I have been hired (as a trim carpenter) to build a massive fence. The style is a 5' 2x2 pointed type hybrid baluster picket. They are beautiful fences, but will require over 1000 pickets. I assume you can buy this type picket, but have had no luck searching the internet or my lumber yard resources.

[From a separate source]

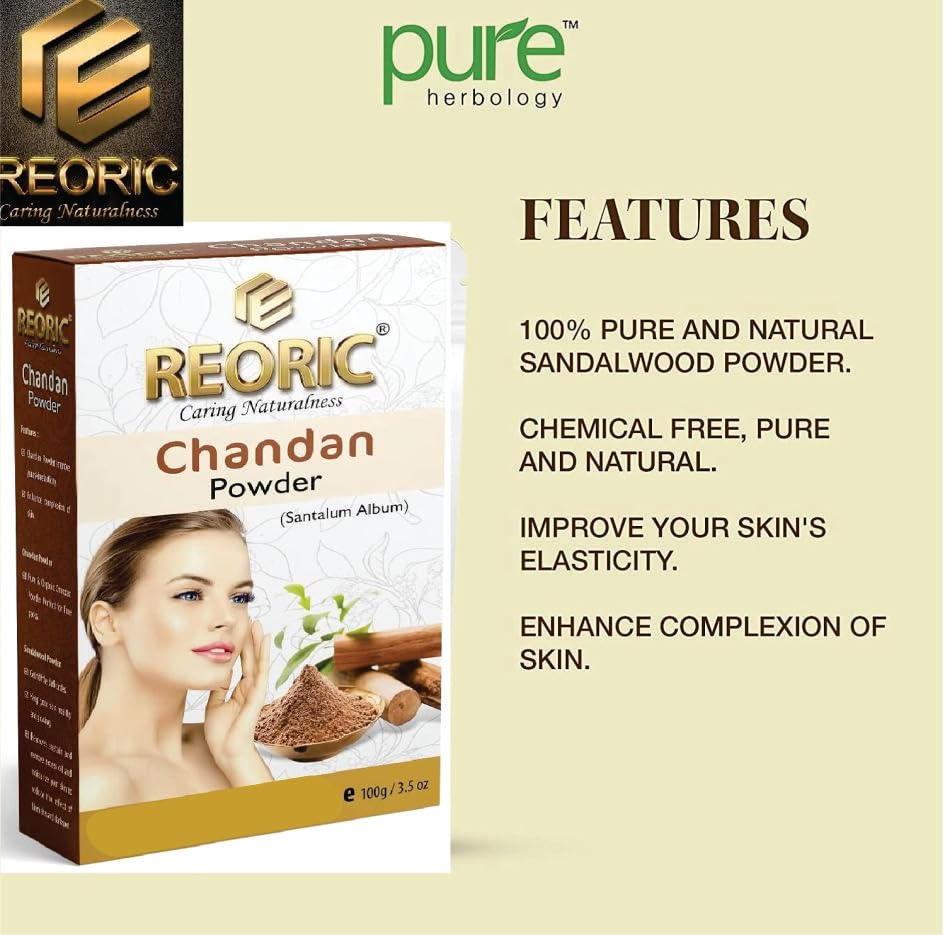 Organic Sandalwood Powder (Chandan) 100g - Pure & Natural for Skin Care, Face Masks, Body Scrubs & Puja Rituals - Reoric Premium Quality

It would be an insane amount of labor to make these. 

Has anyone seen these for sale or had to build there own?

I attached an image to see the type of fence I'm talking about.


----------



## griz (Nov 26, 2009)

Unless you live waaay out in the sticks, any number of local guys shou;d be able replicate these.

Order the cedar and a SCMS and a stop I do not see how it could take much to make them in house.


----------



## Golden view (Feb 16, 2012)

My girlfriend was off for a couple months before grad school so I convinced her to help me on a deck rail and she fabbed up about 1000 pickets for me in an afternoon.


----------



## CarpenterSFO (Dec 12, 2012)

vickerystefan said:


> ....It would be an insane amount of labor to make these. .....

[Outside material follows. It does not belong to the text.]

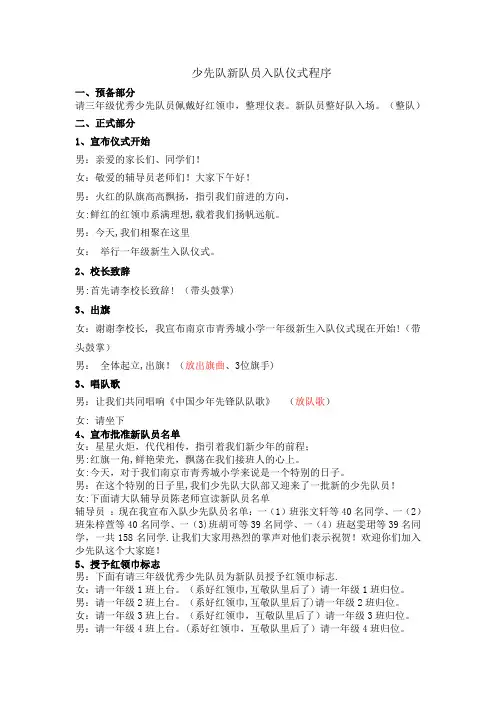 一年级新生-入队仪式-方案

A non-trivial amount, but if you work up some stops/jigs/systems you can cut a bunch at a time. Hardly insane.


----------



## vickerystefan (Nov 25, 2014)

Yes... I suppose it would only take a day or two to fabricate them. I'm just a bit surprised there aren't any resources for purchasing them.


----------



## griz (Nov 26, 2009)

vickerystefan said:


> Yes... I suppose it would only take a day or two to fabricate them. I'm just a bit surprised there aren't any resources for purchasing them.

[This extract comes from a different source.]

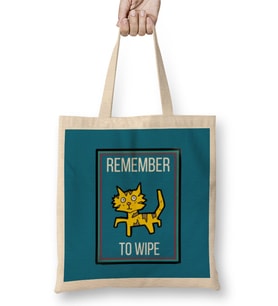 REMEMBER TO WIPE CAT Bez Çanta Uzun Saplı
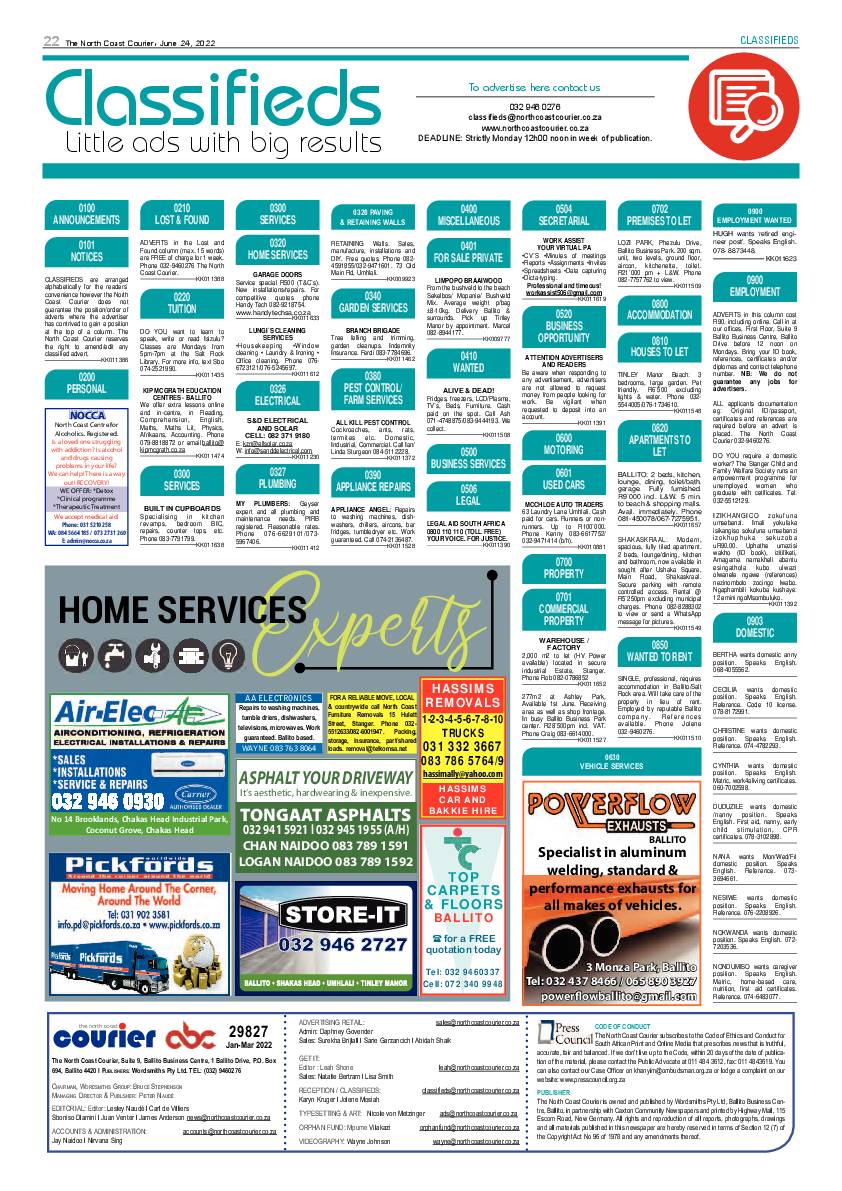 North Coast Courier 24 June 2022 page 22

There probably is. At what price? + shipping.

Wouldn't take a day or two to mill them.


----------



## txgencon (Jan 4, 2011)

My uncle did a lot of work at Six Flags in Arlington in the 60's. There are (or were) a lot of fences like the OP posted there. IIRC, his jig clamped to a table saw. You inserted the 2x2 in a sleeve and turned it manually. I swear he could cut one in about 10 seconds. It was a lot like a pencil sharpener. 

He originally was going to get a place that makes stakes and has a pointing machine but those produced way too sharp a point so he made his own.


----------



## jhark123 (Aug 26, 2008)

Id set up a sled with a stop on a table saw.


----------



## fjn (Aug 17, 2011)

http://www.expertfence.com/site-content/wood/picket-fence/2x2-pointed-picket-cedar-fence


----------